WHAT YOU ARE ASKED TO DO ::
Begin at the line where "Photo: business people" appears and reproduce exactly every line through the end of the data below, both included, skipping pictures.

DATA BELOW ::
((
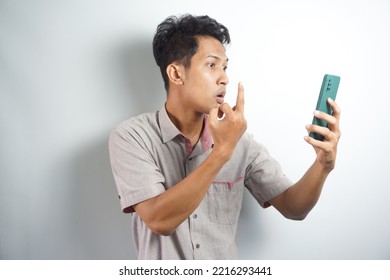 Young Asian Man Angry, Frustrated And Furious With His Phone, Angry With Customer Service Over White Background.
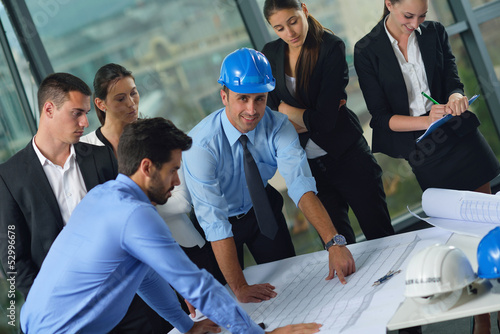 Photo: business people and engineers on meeting business people and engineers on meeting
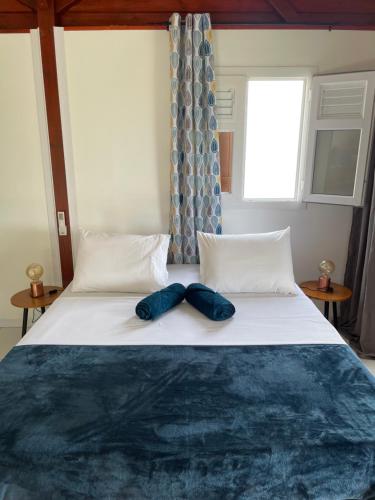 a bed with two blue shoes sitting on top of it at Les gîtes Lanmou 1 in La Désirade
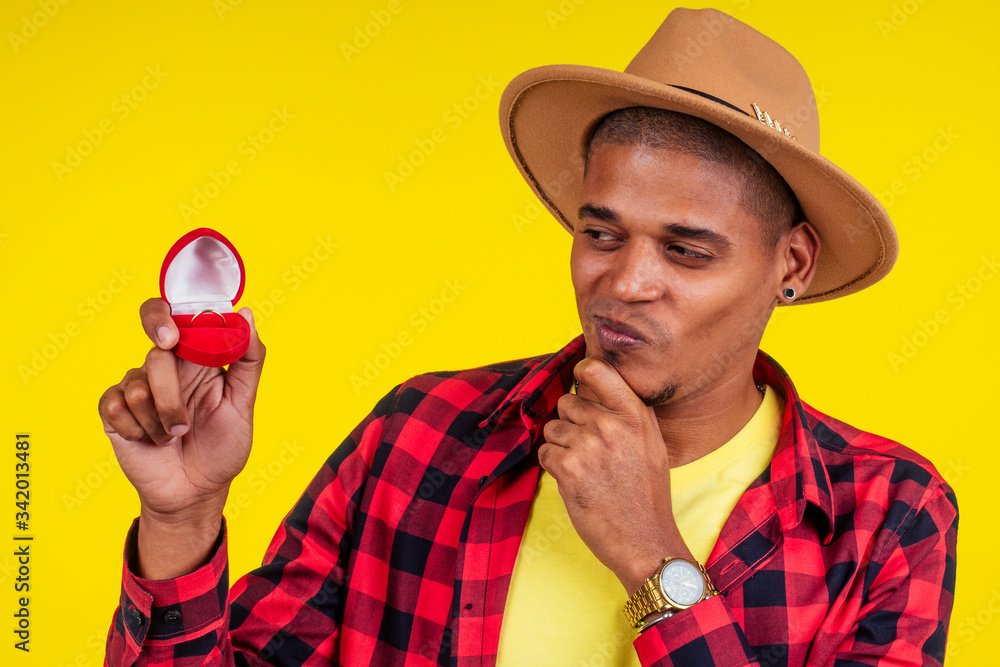 mexizan brazilian man showing box with ring in yellow wall mexizan brazilian man showing box with ring in yellow wall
))
ANSWER BOX ::
 Photo: business people and engineers on meeting business people and engineers on meeting
 a bed with two blue shoes sitting on top of it at Les gîtes Lanmou 1 in La Désirade
 mexizan brazilian man showing box with ring in yellow wall mexizan brazilian man showing box with ring in yellow wall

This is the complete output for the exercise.